(WORK ITEM)
Print the data exactly, leaving nothing out.

++++++++++

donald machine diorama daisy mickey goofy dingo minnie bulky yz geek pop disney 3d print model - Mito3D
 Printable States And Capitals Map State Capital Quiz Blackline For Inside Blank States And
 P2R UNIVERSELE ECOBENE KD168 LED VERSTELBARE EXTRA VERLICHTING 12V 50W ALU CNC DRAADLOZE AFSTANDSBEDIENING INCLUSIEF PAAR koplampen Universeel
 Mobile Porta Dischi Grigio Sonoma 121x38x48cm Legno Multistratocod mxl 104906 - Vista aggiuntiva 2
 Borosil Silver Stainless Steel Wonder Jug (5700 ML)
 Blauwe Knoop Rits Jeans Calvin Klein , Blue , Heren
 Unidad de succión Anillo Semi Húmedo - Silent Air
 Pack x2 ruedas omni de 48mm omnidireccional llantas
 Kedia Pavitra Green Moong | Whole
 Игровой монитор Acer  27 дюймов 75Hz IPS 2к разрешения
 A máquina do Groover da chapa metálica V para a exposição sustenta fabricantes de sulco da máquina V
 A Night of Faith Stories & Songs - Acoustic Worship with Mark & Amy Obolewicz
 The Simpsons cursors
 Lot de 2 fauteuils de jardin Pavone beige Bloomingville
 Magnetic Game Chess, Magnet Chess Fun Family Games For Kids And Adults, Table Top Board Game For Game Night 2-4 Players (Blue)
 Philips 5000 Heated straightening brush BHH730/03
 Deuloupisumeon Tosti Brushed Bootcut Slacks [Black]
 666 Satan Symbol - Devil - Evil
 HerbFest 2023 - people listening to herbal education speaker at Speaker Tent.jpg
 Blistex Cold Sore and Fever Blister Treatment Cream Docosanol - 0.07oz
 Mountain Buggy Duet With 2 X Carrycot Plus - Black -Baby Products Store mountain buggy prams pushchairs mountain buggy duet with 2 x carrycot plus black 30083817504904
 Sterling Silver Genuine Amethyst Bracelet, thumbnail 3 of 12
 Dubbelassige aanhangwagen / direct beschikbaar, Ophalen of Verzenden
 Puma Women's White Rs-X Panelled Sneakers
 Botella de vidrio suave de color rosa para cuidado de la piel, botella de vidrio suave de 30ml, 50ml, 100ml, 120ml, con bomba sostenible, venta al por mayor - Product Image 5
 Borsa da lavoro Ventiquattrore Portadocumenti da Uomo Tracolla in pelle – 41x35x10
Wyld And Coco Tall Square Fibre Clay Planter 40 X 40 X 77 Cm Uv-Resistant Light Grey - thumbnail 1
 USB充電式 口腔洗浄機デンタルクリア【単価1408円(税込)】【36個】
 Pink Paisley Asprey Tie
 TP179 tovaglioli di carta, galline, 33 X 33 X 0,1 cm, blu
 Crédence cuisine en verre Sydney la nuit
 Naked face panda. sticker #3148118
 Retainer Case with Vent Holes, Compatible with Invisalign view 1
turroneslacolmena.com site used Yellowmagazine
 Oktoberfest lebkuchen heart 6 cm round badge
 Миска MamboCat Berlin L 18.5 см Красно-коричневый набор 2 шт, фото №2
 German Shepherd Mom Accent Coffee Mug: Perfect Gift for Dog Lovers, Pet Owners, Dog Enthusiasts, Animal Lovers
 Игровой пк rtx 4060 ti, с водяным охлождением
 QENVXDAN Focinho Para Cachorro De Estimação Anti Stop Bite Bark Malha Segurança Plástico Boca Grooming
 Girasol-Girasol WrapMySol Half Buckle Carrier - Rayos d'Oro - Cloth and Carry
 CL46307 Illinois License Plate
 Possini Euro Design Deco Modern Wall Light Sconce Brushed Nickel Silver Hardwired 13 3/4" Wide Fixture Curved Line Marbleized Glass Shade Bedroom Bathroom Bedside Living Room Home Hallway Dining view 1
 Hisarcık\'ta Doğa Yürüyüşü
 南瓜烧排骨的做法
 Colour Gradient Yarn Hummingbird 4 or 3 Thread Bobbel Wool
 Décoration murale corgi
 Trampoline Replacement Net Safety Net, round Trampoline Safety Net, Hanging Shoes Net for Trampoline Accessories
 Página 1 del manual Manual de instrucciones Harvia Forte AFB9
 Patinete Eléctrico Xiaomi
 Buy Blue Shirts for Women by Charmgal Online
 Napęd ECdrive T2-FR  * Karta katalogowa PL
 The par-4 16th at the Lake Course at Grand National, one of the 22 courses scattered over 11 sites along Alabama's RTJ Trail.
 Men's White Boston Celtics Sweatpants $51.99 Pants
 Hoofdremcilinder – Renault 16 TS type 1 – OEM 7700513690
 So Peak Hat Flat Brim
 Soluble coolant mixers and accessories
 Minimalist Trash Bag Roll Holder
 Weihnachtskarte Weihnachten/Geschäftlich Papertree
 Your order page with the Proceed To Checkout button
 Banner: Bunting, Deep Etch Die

++++++++++

(ANSWER FOR THE TASK)
donald machine diorama daisy mickey goofy dingo minnie bulky yz geek pop disney 3d print model - Mito3D
 Printable States And Capitals Map State Capital Quiz Blackline For Inside Blank States And
 P2R UNIVERSELE ECOBENE KD168 LED VERSTELBARE EXTRA VERLICHTING 12V 50W ALU CNC DRAADLOZE AFSTANDSBEDIENING INCLUSIEF PAAR koplampen Universeel
 Mobile Porta Dischi Grigio Sonoma 121x38x48cm Legno Multistratocod mxl 104906 - Vista aggiuntiva 2
 Borosil Silver Stainless Steel Wonder Jug (5700 ML)
 Blauwe Knoop Rits Jeans Calvin Klein , Blue , Heren
 Unidad de succión Anillo Semi Húmedo - Silent Air
 Pack x2 ruedas omni de 48mm omnidireccional llantas
 Kedia Pavitra Green Moong | Whole
 Игровой монитор Acer  27 дюймов 75Hz IPS 2к разрешения
 A máquina do Groover da chapa metálica V para a exposição sustenta fabricantes de sulco da máquina V
 A Night of Faith Stories & Songs - Acoustic Worship with Mark & Amy Obolewicz
 The Simpsons cursors
 Lot de 2 fauteuils de jardin Pavone beige Bloomingville
 Magnetic Game Chess, Magnet Chess Fun Family Games For Kids And Adults, Table Top Board Game For Game Night 2-4 Players (Blue)
 Philips 5000 Heated straightening brush BHH730/03
 Deuloupisumeon Tosti Brushed Bootcut Slacks [Black]
 666 Satan Symbol - Devil - Evil
 HerbFest 2023 - people listening to herbal education speaker at Speaker Tent.jpg
 Blistex Cold Sore and Fever Blister Treatment Cream Docosanol - 0.07oz
 Mountain Buggy Duet With 2 X Carrycot Plus - Black -Baby Products Store mountain buggy prams pushchairs mountain buggy duet with 2 x carrycot plus black 30083817504904
 Sterling Silver Genuine Amethyst Bracelet, thumbnail 3 of 12
 Dubbelassige aanhangwagen / direct beschikbaar, Ophalen of Verzenden
 Puma Women's White Rs-X Panelled Sneakers
 Botella de vidrio suave de color rosa para cuidado de la piel, botella de vidrio suave de 30ml, 50ml, 100ml, 120ml, con bomba sostenible, venta al por mayor - Product Image 5
 Borsa da lavoro Ventiquattrore Portadocumenti da Uomo Tracolla in pelle – 41x35x10
Wyld And Coco Tall Square Fibre Clay Planter 40 X 40 X 77 Cm Uv-Resistant Light Grey - thumbnail 1
 USB充電式 口腔洗浄機デンタルクリア【単価1408円(税込)】【36個】
 Pink Paisley Asprey Tie
 TP179 tovaglioli di carta, galline, 33 X 33 X 0,1 cm, blu
 Crédence cuisine en verre Sydney la nuit
 Naked face panda. sticker #3148118
 Retainer Case with Vent Holes, Compatible with Invisalign view 1
turroneslacolmena.com site used Yellowmagazine
 Oktoberfest lebkuchen heart 6 cm round badge
 Миска MamboCat Berlin L 18.5 см Красно-коричневый набор 2 шт, фото №2
 German Shepherd Mom Accent Coffee Mug: Perfect Gift for Dog Lovers, Pet Owners, Dog Enthusiasts, Animal Lovers
 Игровой пк rtx 4060 ti, с водяным охлождением
 QENVXDAN Focinho Para Cachorro De Estimação Anti Stop Bite Bark Malha Segurança Plástico Boca Grooming
 Girasol-Girasol WrapMySol Half Buckle Carrier - Rayos d'Oro - Cloth and Carry
 CL46307 Illinois License Plate
 Possini Euro Design Deco Modern Wall Light Sconce Brushed Nickel Silver Hardwired 13 3/4" Wide Fixture Curved Line Marbleized Glass Shade Bedroom Bathroom Bedside Living Room Home Hallway Dining view 1
 Hisarcık\'ta Doğa Yürüyüşü
 南瓜烧排骨的做法
 Colour Gradient Yarn Hummingbird 4 or 3 Thread Bobbel Wool
 Décoration murale corgi
 Trampoline Replacement Net Safety Net, round Trampoline Safety Net, Hanging Shoes Net for Trampoline Accessories
 Página 1 del manual Manual de instrucciones Harvia Forte AFB9
 Patinete Eléctrico Xiaomi
 Buy Blue Shirts for Women by Charmgal Online
 Napęd ECdrive T2-FR  * Karta katalogowa PL
 The par-4 16th at the Lake Course at Grand National, one of the 22 courses scattered over 11 sites along Alabama's RTJ Trail.
 Men's White Boston Celtics Sweatpants $51.99 Pants
 Hoofdremcilinder – Renault 16 TS type 1 – OEM 7700513690
 So Peak Hat Flat Brim
 Soluble coolant mixers and accessories
 Minimalist Trash Bag Roll Holder
 Weihnachtskarte Weihnachten/Geschäftlich Papertree
 Your order page with the Proceed To Checkout button
 Banner: Bunting, Deep Etch Die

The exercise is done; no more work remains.